##### DATA BLOCK #####

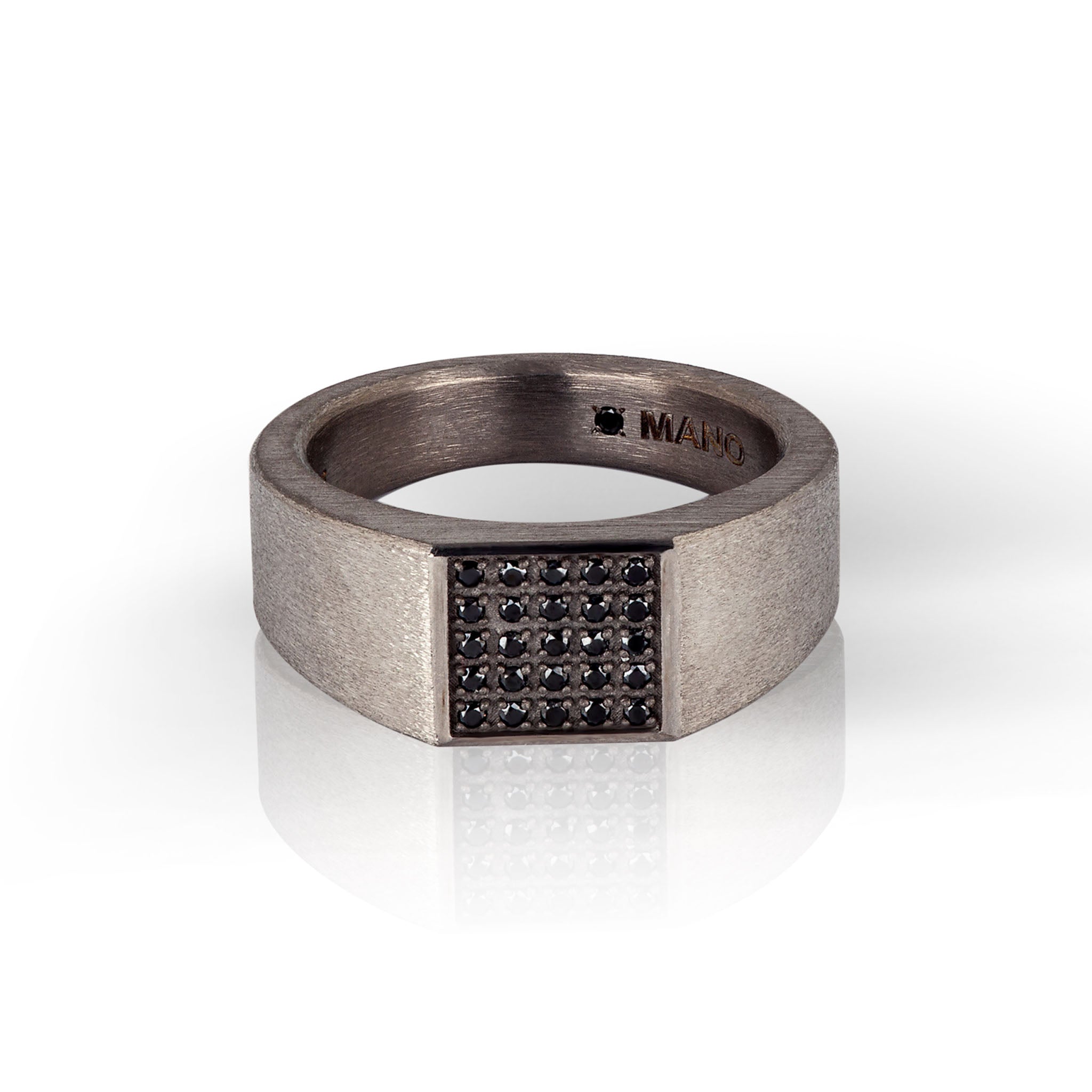 ANELLO UOMO IN TITANIO CON PAVE' DI 25 DIAMANTI BLACK.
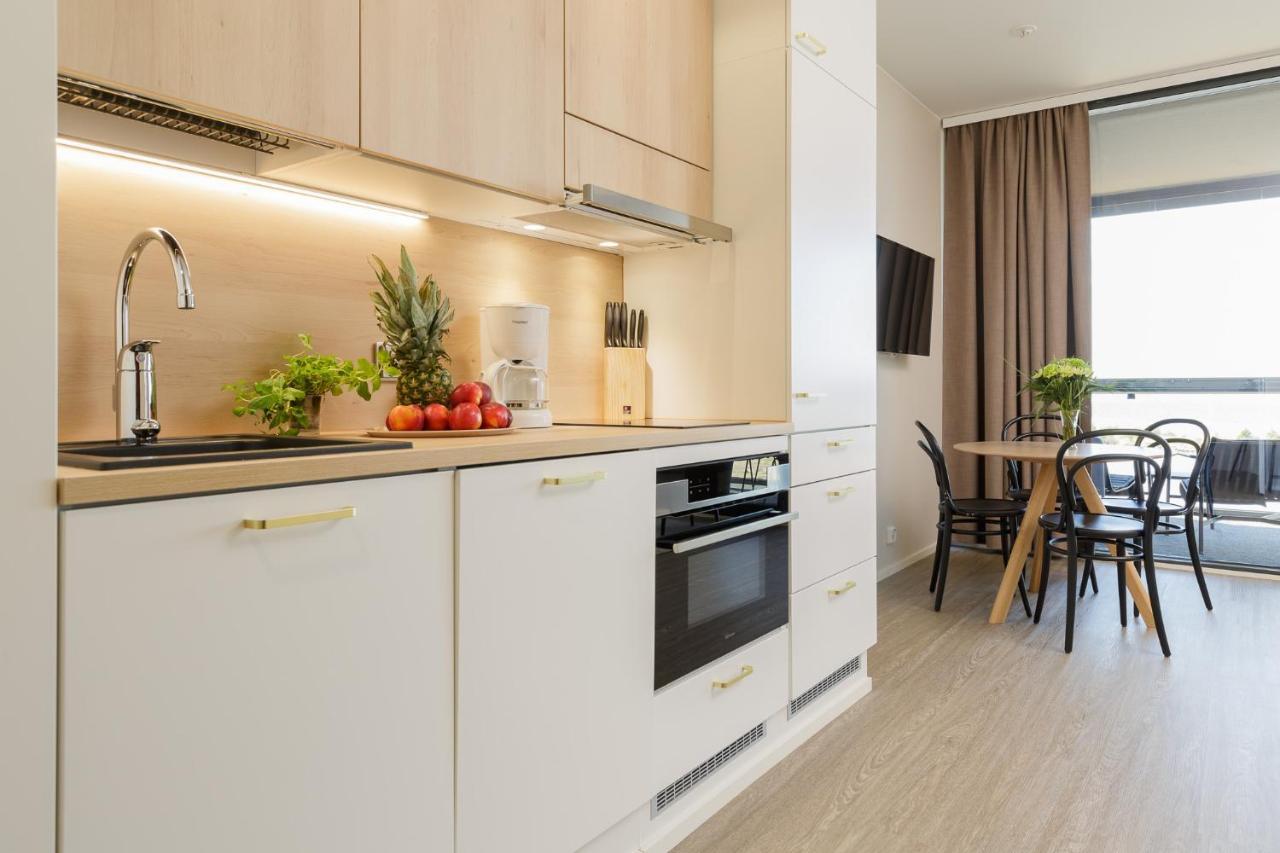 Marina Chalets Studios By Hiekka Booking - Sisaeltaeae Liinavaatteet Ja Loppusiivouksen Kalajoki Δωμάτιο φωτογραφία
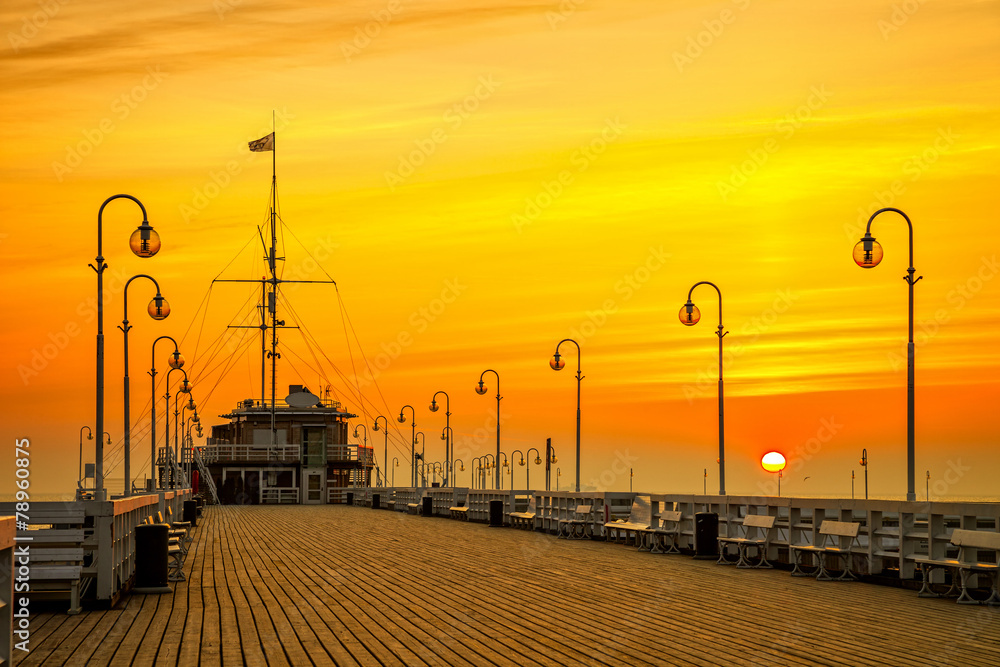 Obraz premium Sunrise at the wooden pier in Sopot, Poland.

#####

▶ **WHAT THE TASK REQUIRES**: Write out each line again, exactly as it appears above, except for any picture.

▶ **ANSWER BOX**:
 ANELLO UOMO IN TITANIO CON PAVE' DI 25 DIAMANTI BLACK.
 Marina Chalets Studios By Hiekka Booking - Sisaeltaeae Liinavaatteet Ja Loppusiivouksen Kalajoki Δωμάτιο φωτογραφία
 Obraz premium Sunrise at the wooden pier in Sopot, Poland.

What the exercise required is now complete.